Republican FTC Commissioner Noah Phillips gave a full-throated endorsement of a democratic republic when he delivered the Thurlow M. Gordon lecture at his alma mater, Dartmouth University, in the fall.
“My view is that in a republican form of government, where the rule of law applies, the way we make societal decisions is mediated through things like Congress and the courts. And to be clear, also agencies, which have the power that Congress gives,” Phillips said.
Antitrust reformers’ concerns about the relationship between market competition and democracy are misplaced, he said.
“The sheer reach of the claims of antitrust reformers about what the law could or would solve suggests that their concerns are not about competition. Would-be reformers have been quick to blame antitrust enforcement, or lack thereof, for everything from supply chain issues for medical devices during Covid-19, to labor gaining too little from American economic growth to systemic racism, and even the decline of American democracy.”
“It is not all clear to at least to me that these are issues that stem from competition problems,” Phillips said. “And so, among other things, it seems counterintuitive that competition solutions will solve them.”

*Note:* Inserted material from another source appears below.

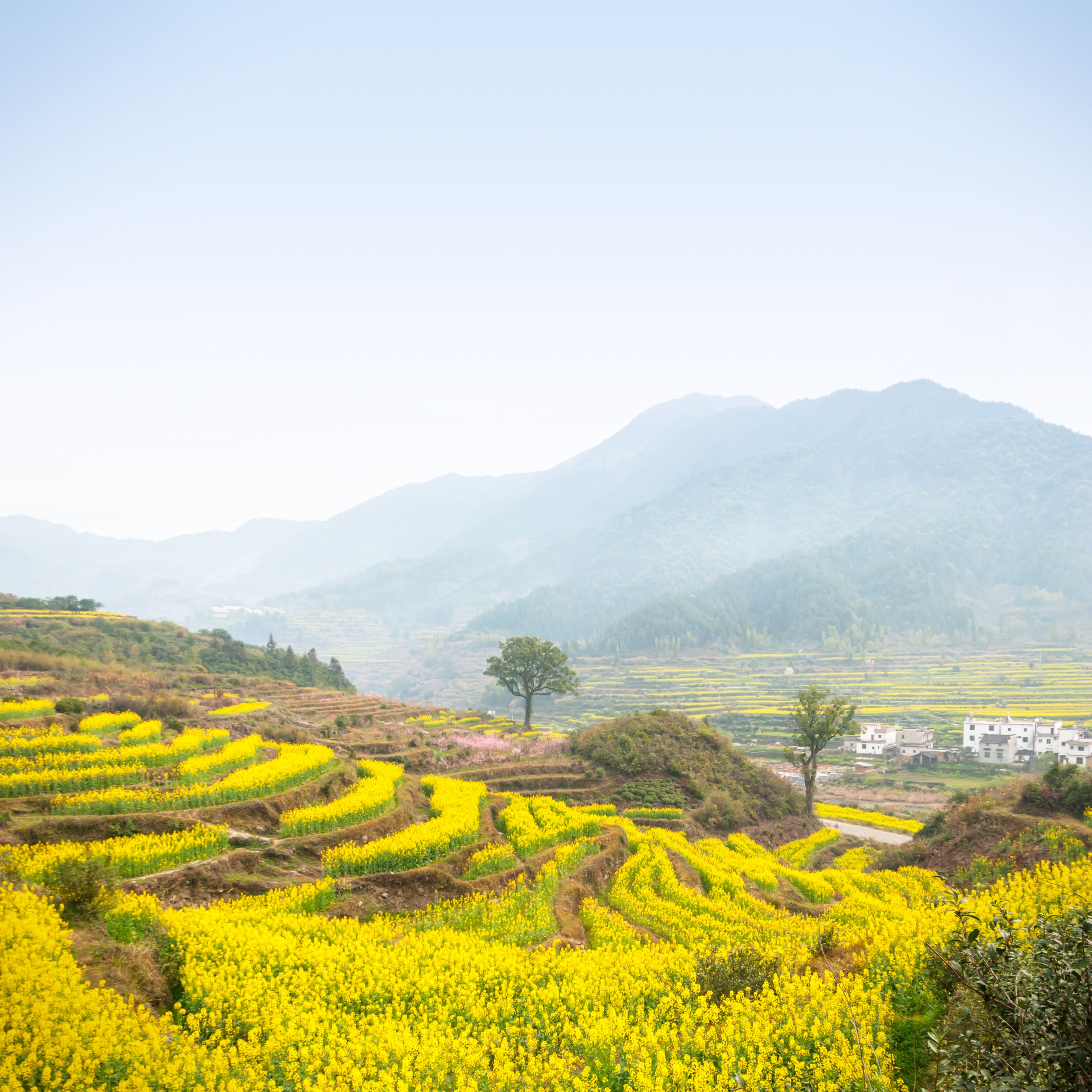 Wuyuan travel guide Wuyuan travel guide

Leslie Overton of Axinn, Veltrop & Harkrider said at the ABA meeting, “While antitrust by itself can’t achieve racial equity — it’s a super heavy lift, requires a lot of aspects of policy throughout the whole of the government — it can contribute to racial equity.”
Overton said an ABA task force on antitrust, consumer protection and diverse consumers will release its work product this year.
Zephyr Teachout, law professor at Fordham University and unsuccessful 2014 New York gubernatorial candidate, drew a connection between democracy, antitrust law and diversity at the ABA conference.
Teachout, a Democrat who lost the 2018 primary for New York attorney general to Letitia James, cited the anti-monopoly focus of W.E.B. DuBois, who looked at the ways concentrations of power in the late 19th century sustained a status quo of disenfranchised Black Americans for decades.
"Market structure questions have a direct impact on power,” Teachout said at the ABA meeting, where the topic of democracy came up repeatedly, especially in the context of Big Tech.
“Google, Facebook, Amazon, Trump, Putin, Xi have shattered the frameworks of law and democracy,” said Barry Lynn of Open Markets Institute during a panel discussion.
“If Lynn exemplifies the intellectual foundation of the new antitrust movement — and FTC — is it any wonder talented (often progressive) lawyers & econs are leaving?” tweeted former FTC Commissioner Joshua Wright, a Republican.
A prominent proponent of the linkage between democracy and antitrust recently joined the FTC. Spencer Weber Waller, director of Loyola University’s Institute for Consumer Antitrust Studies, was named a senior adviser to Khan this year. He wrote a 2019 academic paper, “Antitrust and Democracy.”
“The question of whether and how the promotion of democracy is an instrumental goal of antitrust law is an important one,” Waller wrote. “There is an equally important issue of how antitrust can be enforced in a democratic manner.”